Phone stolen - what’s the worst that can happen?

Phone stolen - what’s the worst that can happen?

Author
Discussion

Scarletpimpofnel

Original Poster:

697 posts

19 months

Saturday 13th April
quotequote all
I’ve an iPhone 11 and use faceid and pin (if faceid doesn’t work) to login.

If the phone gets stolen what’s the worst that could happen?

I’ve read lots of stolen phones end up in China where they’re broken down for parts. But is there any realistic chance any could access my phone or bank accounts etc on it?

Also I’ve heard of people doing remote resets but doesn’t that then give the thief a working unlocked phone?

Baldchap

7,668 posts

93 months

Saturday 13th April
quotequote all
There is a slim chance. Phones can be accessed relatively easily with the right equipment despite what some manufacturers may tell you.

The odds are whoever has it does not have the skills or equipment to do anything beyond flog it for a few quid.

Personally I'd change your email password as a bare minimum as banking etc will use this for password resets/2FA etc.

SkinnyPete

1,420 posts

150 months

Saturday 13th April
quotequote all
Using a longer PIN or passphrase will slow down decryption attempts.

Having said that an iPhone 11 is getting on a bit now on phone terms so it wouldn’t surprise me if there are well known vulnerabilities.

phil4

1,216 posts

239 months

Monday 15th April
quotequote all
There's been a few youtube vidoes that take you through how phone stealing with iphones commonly works.

Basically they observe you typing in your PIN, either intentially geting you to, or just watching. Once they have that and your phone they can lock you out of your icloud account so you can't then remotely wipe, and can't get at any photos or anything you stored. then they reset your security and off they go with apple pay and cards in your wallet. That's directly on your phone, they also have access to your email, so can do "forgot password" and get access to all your online accounts too.

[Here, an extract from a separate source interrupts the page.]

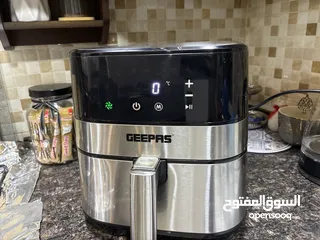 9 Geepas digital air fryer /model No. GAF37510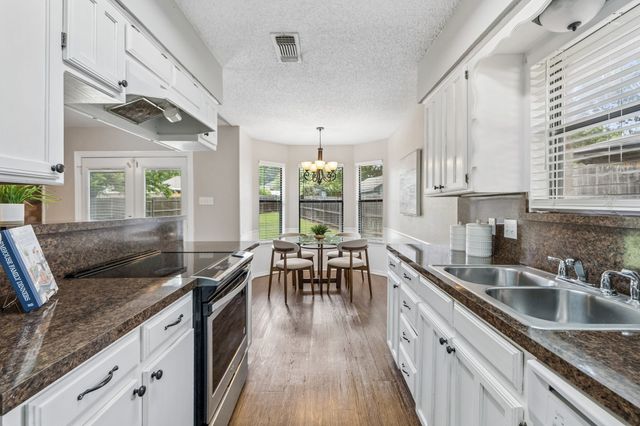 6308 Hunters Glen Drive, Watauga, TX 76148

In the later versions of IOS, Apple have introduced "Stolen Device Protection", which will require face ID only, and adds hour delays on changing security settings among other things. I'd really suggest anyone with an iphone have a look at enabling it, and as stated above, moving to Password instead of pin.

megaphone

10,734 posts

252 months

Monday 15th April
quotequote all
As above , enable the latest security features if you can. Set a long passcode or password. 4 digit pins are not secure. Use face ID if it has it. Set up 2FA on any accounts you can. Set a STRONG Apple ID password.

Use different dedicated email addresses for shopping, banking, work, personal. Don't use the same email with a crap password for everything.

Best advice is don't let anyone steal it.

Edited by megaphone on Monday 15th April 13:16

steveatesh

4,900 posts

165 months

Monday 15th April
quotequote all
There is a setting in screen time that allows you to block account changes in the event somebody has seen your pin, I have it set as an extra layer of security:

https://www.cultofmac.com/807571/add-password-to-i...

Screen time

Content and privacy restrictions

Account changes

Allow/don’t allow

Set and use a code to alter this.


Once don’t allow is set, your account details are greyed out and can’t be altered without resetting the screen time setting to allow.

Scarletpimpofnel

Original Poster:

697 posts

19 months

Tuesday 16th April
quotequote all
phil4 said:
There's been a few youtube vidoes that take you through how phone stealing with iphones commonly works.

Basically they observe you typing in your PIN, either intentially geting you to, or just watching. Once they have that and your phone they can lock you out of your icloud account so you can't then remotely wipe, and can't get at any photos or anything you stored. then they reset your security and off they go with apple pay and cards in your wallet. That's directly on your phone, they also have access to your email, so can do "forgot password" and get access to all your online accounts too.

In the later versions of IOS, Apple have introduced "Stolen Device Protection", which will require face ID only, and adds hour delays on changing security settings among other things. I'd really suggest anyone with an iphone have a look at enabling it, and as stated above, moving to Password instead of pin.
Thanks. I have enabled SDP.

dundarach

5,056 posts

229 months

Tuesday 16th April
quotequote all
They'll find the dirty pictures you've kept in you 'locked folder'*

  • or whatever the iphone equivalent is!